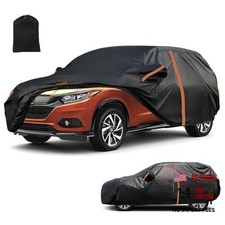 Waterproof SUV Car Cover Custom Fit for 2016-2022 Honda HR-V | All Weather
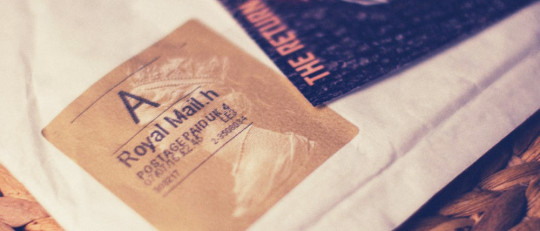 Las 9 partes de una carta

* * *

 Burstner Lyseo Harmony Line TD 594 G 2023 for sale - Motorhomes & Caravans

**Exercise details**
Output exactly the lines above, from the line with "Waterproof SUV Car" to the line with "Las 9 partes de una carta", both included; skip the pictures.

**Answer to this task**
 Waterproof SUV Car Cover Custom Fit for 2016-2022 Honda HR-V | All Weather
 Las 9 partes de una carta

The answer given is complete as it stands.